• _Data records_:
□ □ □ □
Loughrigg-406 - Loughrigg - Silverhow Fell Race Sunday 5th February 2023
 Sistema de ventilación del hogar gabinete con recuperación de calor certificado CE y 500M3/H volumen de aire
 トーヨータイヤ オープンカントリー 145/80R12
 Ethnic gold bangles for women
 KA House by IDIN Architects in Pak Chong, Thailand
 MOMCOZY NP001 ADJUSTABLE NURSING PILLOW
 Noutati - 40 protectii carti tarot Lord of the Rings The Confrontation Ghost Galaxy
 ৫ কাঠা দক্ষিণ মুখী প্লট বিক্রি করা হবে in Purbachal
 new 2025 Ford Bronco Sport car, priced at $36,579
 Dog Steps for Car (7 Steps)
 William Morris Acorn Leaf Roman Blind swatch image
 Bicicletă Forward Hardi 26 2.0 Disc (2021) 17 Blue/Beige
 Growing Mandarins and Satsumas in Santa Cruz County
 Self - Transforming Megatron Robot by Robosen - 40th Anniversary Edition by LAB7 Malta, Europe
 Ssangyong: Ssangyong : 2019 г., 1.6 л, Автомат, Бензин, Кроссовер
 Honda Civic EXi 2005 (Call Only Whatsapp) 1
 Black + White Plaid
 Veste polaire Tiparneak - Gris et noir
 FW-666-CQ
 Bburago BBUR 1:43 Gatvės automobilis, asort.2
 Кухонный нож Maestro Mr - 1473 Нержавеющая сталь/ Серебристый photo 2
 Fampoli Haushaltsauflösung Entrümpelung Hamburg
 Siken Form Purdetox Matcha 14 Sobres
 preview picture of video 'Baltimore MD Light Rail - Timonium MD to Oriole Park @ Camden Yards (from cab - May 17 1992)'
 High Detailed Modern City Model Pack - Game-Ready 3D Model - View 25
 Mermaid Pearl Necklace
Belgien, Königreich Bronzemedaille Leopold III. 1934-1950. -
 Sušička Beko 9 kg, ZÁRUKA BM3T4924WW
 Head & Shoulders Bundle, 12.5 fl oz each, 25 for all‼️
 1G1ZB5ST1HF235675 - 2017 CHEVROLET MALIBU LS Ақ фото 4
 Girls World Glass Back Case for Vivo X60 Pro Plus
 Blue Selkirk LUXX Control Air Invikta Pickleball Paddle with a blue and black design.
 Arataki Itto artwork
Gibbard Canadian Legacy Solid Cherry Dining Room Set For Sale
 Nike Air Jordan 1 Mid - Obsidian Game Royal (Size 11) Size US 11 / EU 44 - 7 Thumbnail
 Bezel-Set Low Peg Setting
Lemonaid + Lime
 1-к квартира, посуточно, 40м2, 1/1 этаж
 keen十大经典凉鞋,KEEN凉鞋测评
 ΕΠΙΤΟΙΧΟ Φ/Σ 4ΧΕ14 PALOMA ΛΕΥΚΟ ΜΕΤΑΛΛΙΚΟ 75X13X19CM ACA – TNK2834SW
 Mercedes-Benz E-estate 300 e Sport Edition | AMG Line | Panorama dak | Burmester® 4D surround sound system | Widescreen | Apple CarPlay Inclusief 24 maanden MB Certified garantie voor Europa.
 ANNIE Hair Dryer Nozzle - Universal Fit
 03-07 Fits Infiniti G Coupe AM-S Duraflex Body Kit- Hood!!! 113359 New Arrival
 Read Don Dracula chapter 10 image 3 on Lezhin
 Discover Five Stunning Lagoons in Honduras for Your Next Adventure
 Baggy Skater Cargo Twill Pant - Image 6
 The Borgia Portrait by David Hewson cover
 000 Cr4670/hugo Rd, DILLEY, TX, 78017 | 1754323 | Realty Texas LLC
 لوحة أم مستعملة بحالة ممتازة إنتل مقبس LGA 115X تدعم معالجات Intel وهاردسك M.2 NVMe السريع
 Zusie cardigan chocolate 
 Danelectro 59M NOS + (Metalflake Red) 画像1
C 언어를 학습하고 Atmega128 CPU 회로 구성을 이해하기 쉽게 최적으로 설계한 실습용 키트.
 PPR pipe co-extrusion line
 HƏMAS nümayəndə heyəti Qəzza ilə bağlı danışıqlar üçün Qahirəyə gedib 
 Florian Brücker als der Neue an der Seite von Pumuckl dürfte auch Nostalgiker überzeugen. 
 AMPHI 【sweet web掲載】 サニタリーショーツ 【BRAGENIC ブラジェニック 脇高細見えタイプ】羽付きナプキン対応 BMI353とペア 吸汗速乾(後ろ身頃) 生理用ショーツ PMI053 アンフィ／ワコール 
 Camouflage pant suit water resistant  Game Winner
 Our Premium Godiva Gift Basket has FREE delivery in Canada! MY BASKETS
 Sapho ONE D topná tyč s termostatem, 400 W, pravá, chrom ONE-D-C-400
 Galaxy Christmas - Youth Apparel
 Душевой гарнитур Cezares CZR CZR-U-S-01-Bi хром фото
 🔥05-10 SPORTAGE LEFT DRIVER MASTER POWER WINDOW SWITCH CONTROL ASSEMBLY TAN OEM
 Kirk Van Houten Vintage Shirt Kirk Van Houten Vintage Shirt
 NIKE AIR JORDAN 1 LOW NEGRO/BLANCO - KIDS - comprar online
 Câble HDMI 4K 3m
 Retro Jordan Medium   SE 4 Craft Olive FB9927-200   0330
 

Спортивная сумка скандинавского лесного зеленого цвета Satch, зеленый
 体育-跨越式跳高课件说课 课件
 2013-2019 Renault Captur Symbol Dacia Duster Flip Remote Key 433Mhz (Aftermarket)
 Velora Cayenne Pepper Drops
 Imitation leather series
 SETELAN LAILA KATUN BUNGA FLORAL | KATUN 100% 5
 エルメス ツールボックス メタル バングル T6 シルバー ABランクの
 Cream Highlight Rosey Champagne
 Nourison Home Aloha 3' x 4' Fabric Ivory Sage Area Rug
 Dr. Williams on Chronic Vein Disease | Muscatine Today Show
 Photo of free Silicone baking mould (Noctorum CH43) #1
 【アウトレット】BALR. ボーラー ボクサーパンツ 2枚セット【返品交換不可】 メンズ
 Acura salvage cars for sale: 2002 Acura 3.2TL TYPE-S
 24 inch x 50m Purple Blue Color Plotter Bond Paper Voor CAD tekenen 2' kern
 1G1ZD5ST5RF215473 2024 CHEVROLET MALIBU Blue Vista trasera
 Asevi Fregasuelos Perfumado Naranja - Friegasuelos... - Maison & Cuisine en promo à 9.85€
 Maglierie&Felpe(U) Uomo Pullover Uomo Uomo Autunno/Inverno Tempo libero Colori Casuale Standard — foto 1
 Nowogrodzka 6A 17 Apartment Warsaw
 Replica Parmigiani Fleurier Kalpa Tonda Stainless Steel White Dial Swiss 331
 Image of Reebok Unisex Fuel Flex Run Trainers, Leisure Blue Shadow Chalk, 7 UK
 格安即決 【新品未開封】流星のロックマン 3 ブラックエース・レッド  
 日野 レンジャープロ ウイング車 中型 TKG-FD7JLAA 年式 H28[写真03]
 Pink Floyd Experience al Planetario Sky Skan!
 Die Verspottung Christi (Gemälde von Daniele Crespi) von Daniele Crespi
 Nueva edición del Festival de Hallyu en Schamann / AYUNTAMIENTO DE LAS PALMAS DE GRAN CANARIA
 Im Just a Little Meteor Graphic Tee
□ □ □ □
• _TASK BRIEF_: A line belongs in the answer if it contains the word "White"; copy every such line from the data above.

• _ANSWER BOX_:
 Black + White Plaid
 Replica Parmigiani Fleurier Kalpa Tonda Stainless Steel White Dial Swiss 331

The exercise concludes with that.